▶ _Records provided_
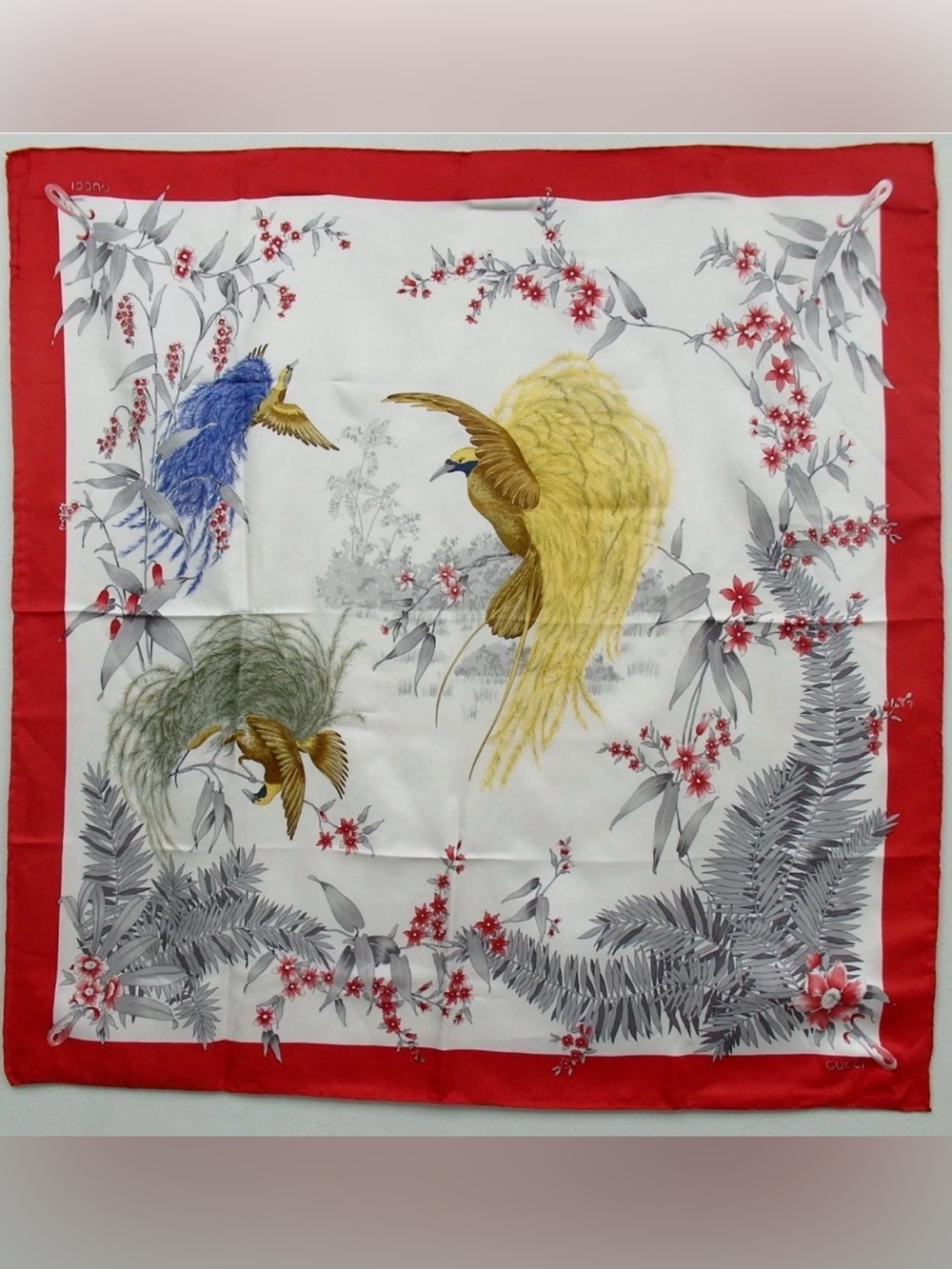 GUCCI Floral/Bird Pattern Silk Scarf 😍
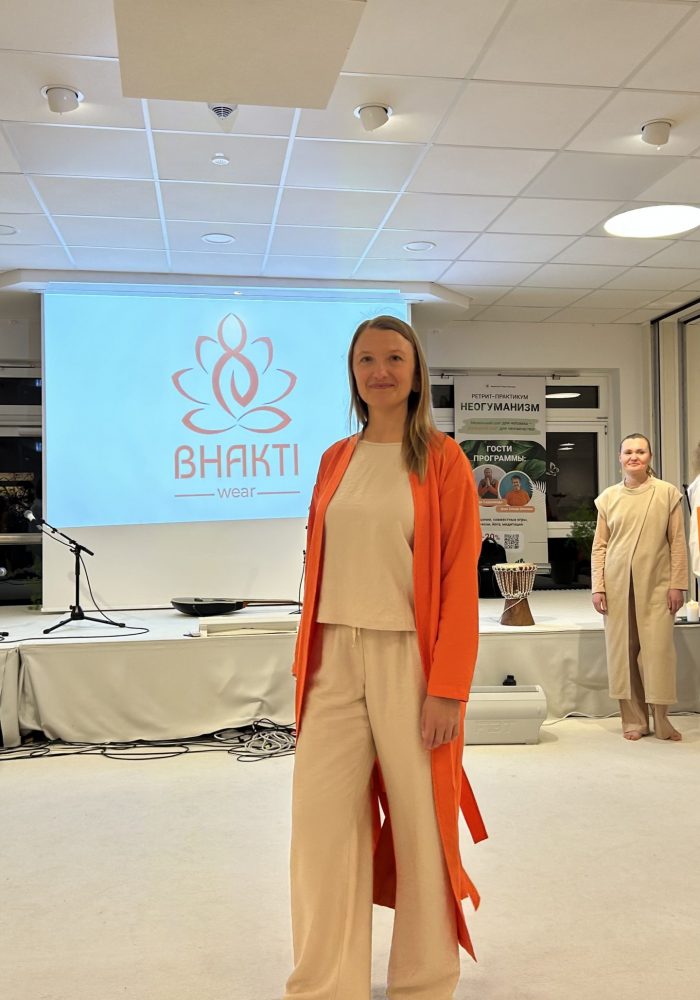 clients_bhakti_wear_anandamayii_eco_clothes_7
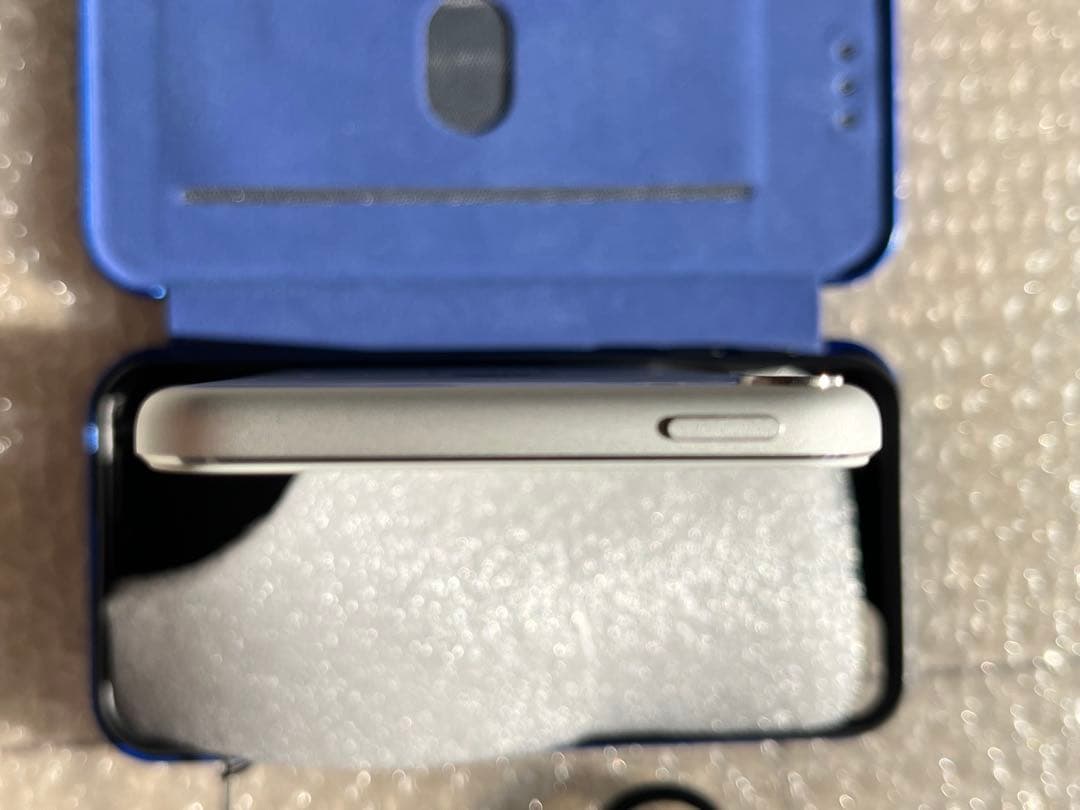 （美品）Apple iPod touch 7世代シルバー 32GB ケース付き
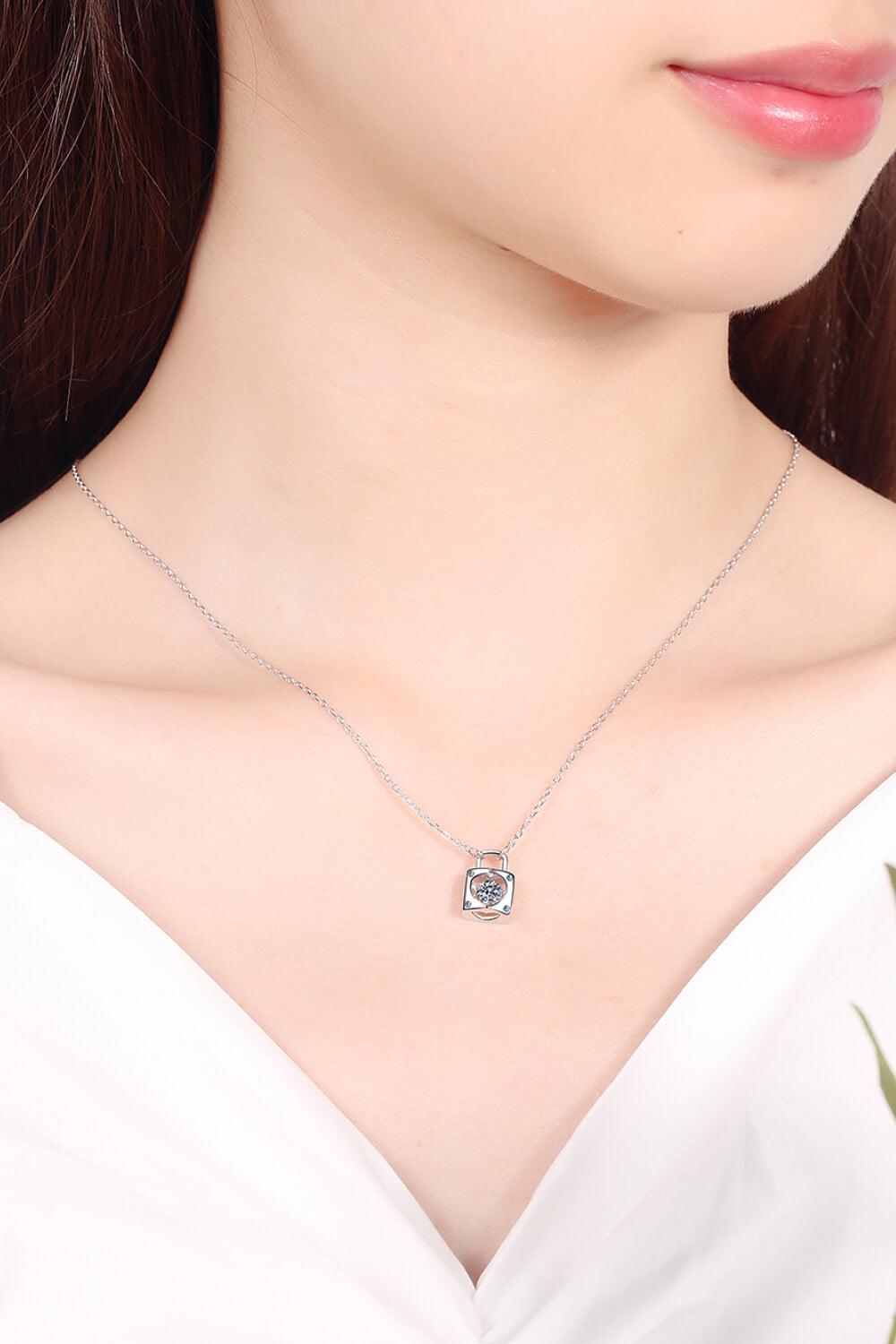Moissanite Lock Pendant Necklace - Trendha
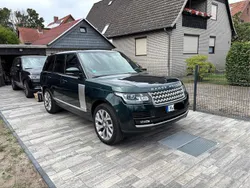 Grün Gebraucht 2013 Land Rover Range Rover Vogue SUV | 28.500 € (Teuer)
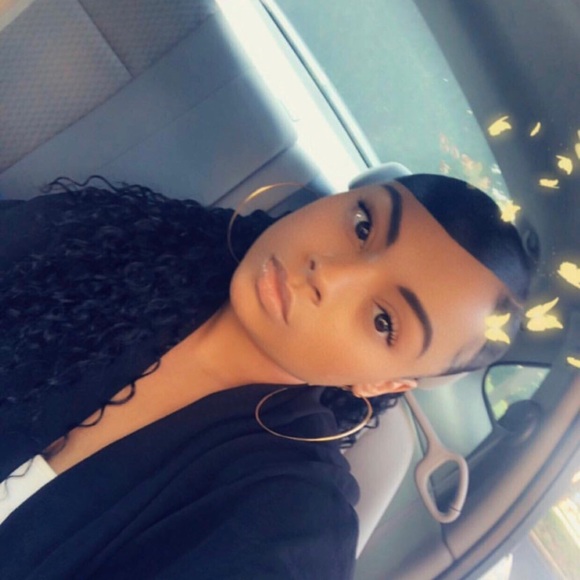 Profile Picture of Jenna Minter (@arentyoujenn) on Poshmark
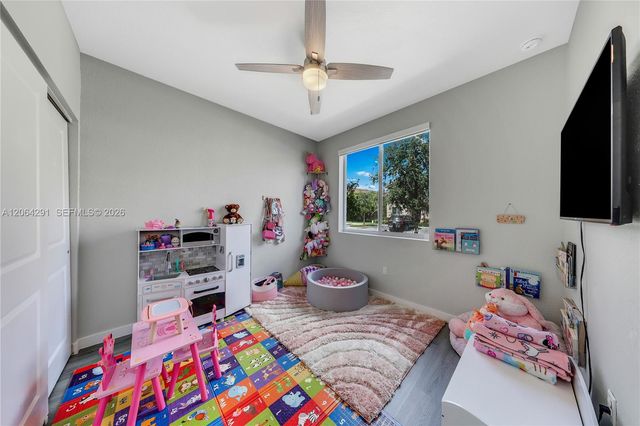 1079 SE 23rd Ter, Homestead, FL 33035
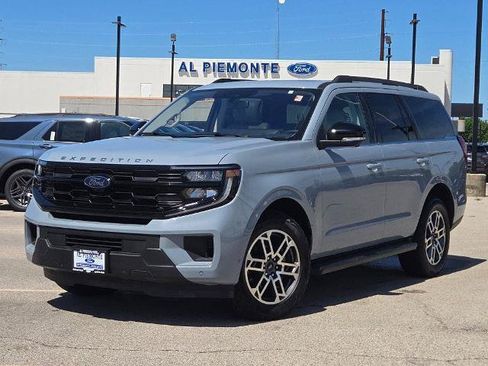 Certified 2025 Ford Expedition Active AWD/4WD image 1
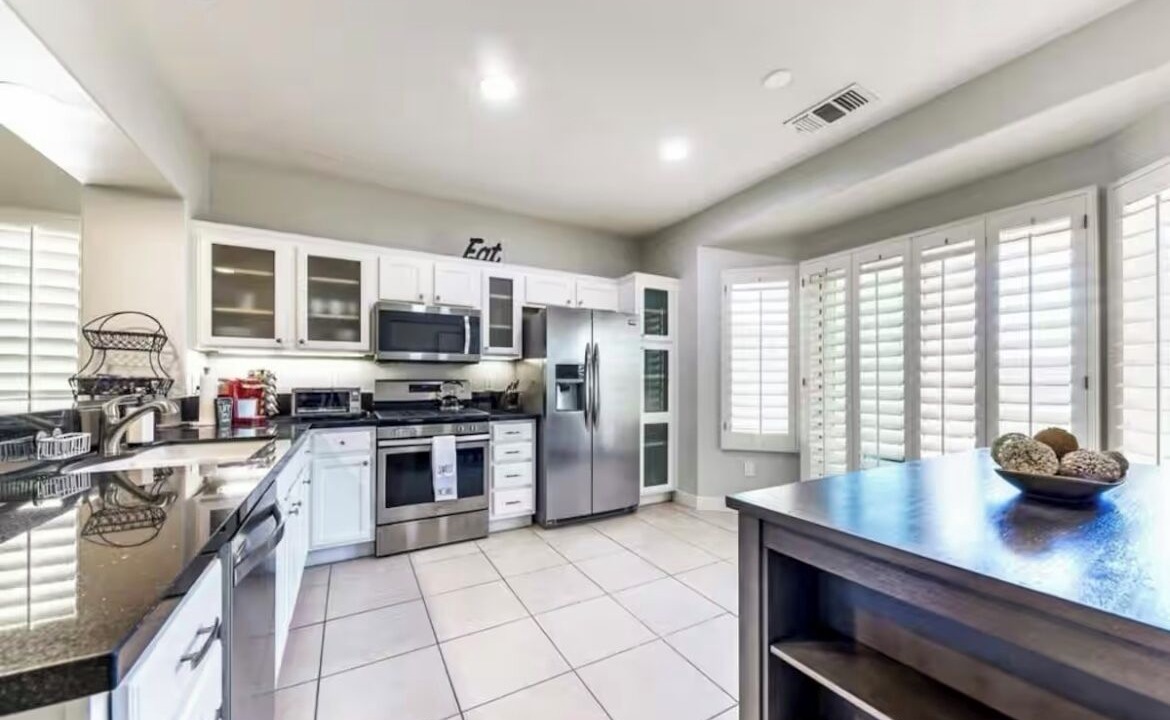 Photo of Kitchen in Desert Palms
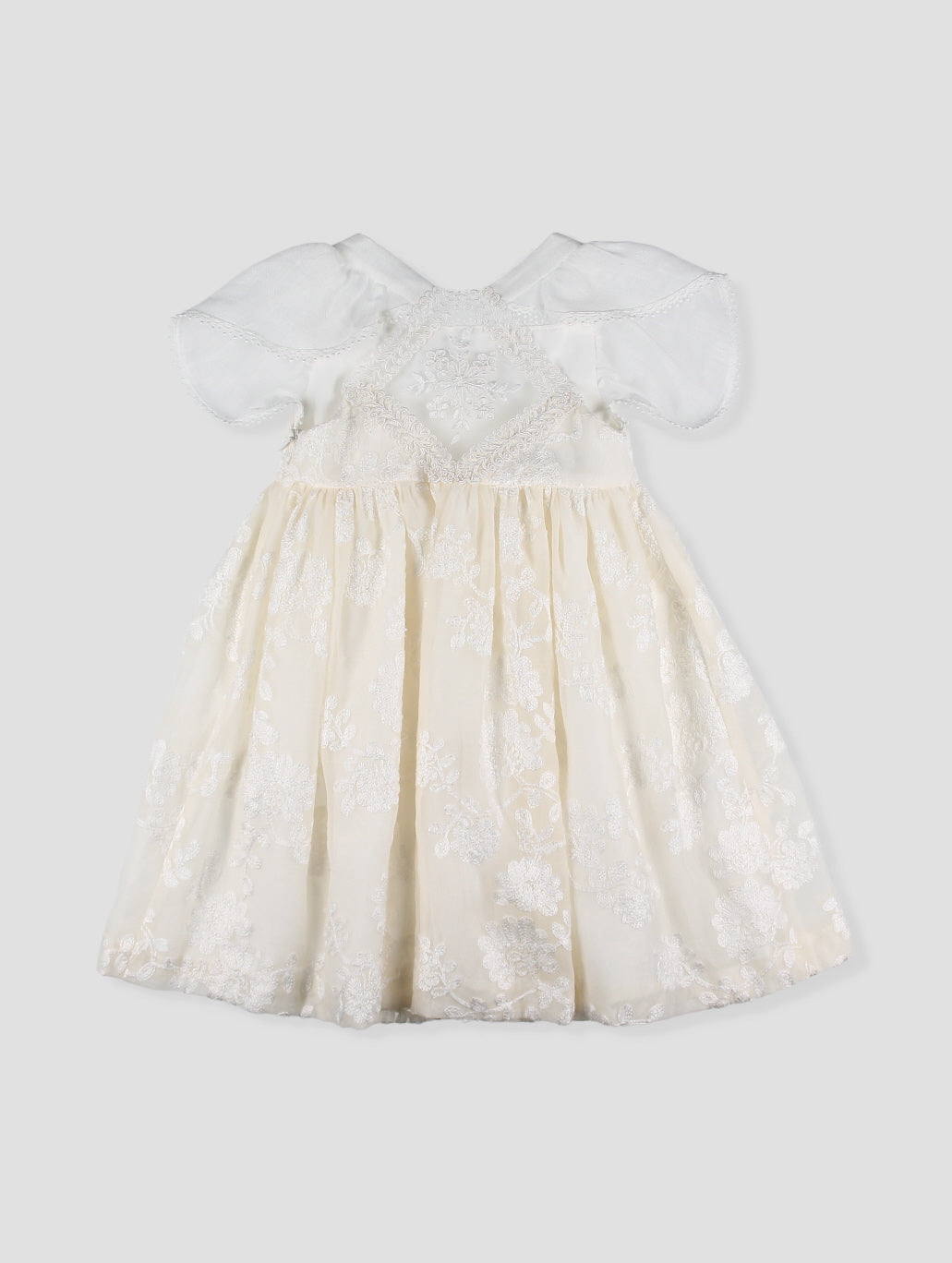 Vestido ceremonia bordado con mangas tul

▶ _What you need to do_
An exact copy is needed of every line from the line containing "1079 SE 23rd Ter, Homestead, FL 33035" to the last line of the records; pictures stay out of it.

▶ _Response area_
 1079 SE 23rd Ter, Homestead, FL 33035
 Certified 2025 Ford Expedition Active AWD/4WD image 1
 Photo of Kitchen in Desert Palms
 Vestido ceremonia bordado con mangas tul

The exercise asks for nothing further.